In Windows XP, entering "Con" into the Run command returns the error message, "This file does not have a program associated with it for performing this action. Create an association in the Folder Options control panel." Attempting to rename any file or folder using a reserved name silently reverts the file or folder to its previous name (or "New Folder", "New Text Document", etc.), with no notification or error message. In Windows Vista and later, attempting to use a reserved name for a file or folder brings up an error message saying, "The specified device name is invalid."

In some Unix-like systems, most device files are managed as part of a virtual file system traditionally mounted at /dev, possibly associated with a controlling daemon, which monitors hardware addition and removal at run time, making corresponding changes to the device file system if that's not automatically done by the kernel, and possibly invoking scripts in system or user space to handle special device needs. The FreeBSD, DragonFly BSD and Darwin have a dedicated file system devfs; device nodes are managed automatically by this file system, in kernel space. Linux used to have a similar devfs implementation, but it was abandoned later, and then removed since version 2.6.17; Linux now primarily uses a user space implementation known as udev, but there are many variants.

In Unix systems which support chroot process isolation, such as Solaris Containers, typically each chroot environment needs its own /dev; these mount points will be visible on the host OS at various nodes in the global file system tree. By restricting the device nodes populated into chroot instances of /dev, hardware isolation can be enforced by the chroot environment (a program can not meddle with hardware that it can neither see nor name—an even stronger form of access control than Unix file system permissions).

MS-DOS managed hardware device contention (see terminate-and-stay-resident program) by making each device file exclusive open. An application attempting to access a device already in use would discover itself unable to open the device file node. A variety of device driver semantics are implemented in Unix and Linux concerning concurrent access.

==Unix and Unix-like systems==

A simplified structure of the Linux kernel. File systems are implemented as part of the I/O subsystem.

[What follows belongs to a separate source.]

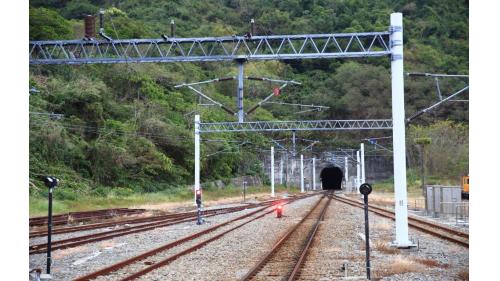 大武二號隧道位於大武車站北端至富山號誌站之間，長1,180公尺。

Device nodes correspond to resources that an operating system's kernel has already allocated. Unix identifies those resources by a major number and a minor number, both stored as part of the structure of a node. The assignment of these numbers occurs uniquely in different operating systems and on different computer platforms. Generally, the major number identifies the device driver and the minor number identifies a particular device (possibly out of many) that the driver controls: in this case, the system may pass the minor number to a driver. However, in the presence of dynamic number allocation, this may not be the case (e.g. on FreeBSD 5 and up).

As with other special file types, the computer system accesses device nodes using standard system calls and treats them like regular computer files. Two standard types of device files exist; unfortunately their names are rather counter-intuitive for historical reasons, and explanations of the difference between the two are often incorrect as a result.

===Character devices===
Character special files or character devices provide unbuffered, direct access to the hardware device. They do not necessarily allow programs to read or write single characters at a time; that is up to the device in question. The character device for a hard disk, for example, will normally require that all reads and writes be aligned to block boundaries and most certainly will not allow reading a single byte.

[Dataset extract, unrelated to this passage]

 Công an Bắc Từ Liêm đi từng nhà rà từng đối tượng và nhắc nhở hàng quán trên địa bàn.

Character devices are sometimes known as raw devices to avoid the confusion surrounding the fact that a character device for a piece of block-based hardware will typically require programs to read and write aligned blocks.

===Block devices===
Block special files or block devices provide buffered access to hardware devices, and provide some abstraction from their specifics. Unlike character devices, block devices will always allow the programmer to read or write a block of any size (including single characters/bytes) and any alignment. The downside is that because block devices are buffered, the programmer does not know how long it will take before written data is passed from the kernel's buffers to the actual device, or indeed in what order two separate writes will arrive at the physical device. Additionally, if the same hardware exposes both character and block devices, there is a risk of data corruption due to clients using the character device being unaware of changes made in the buffers of the block device.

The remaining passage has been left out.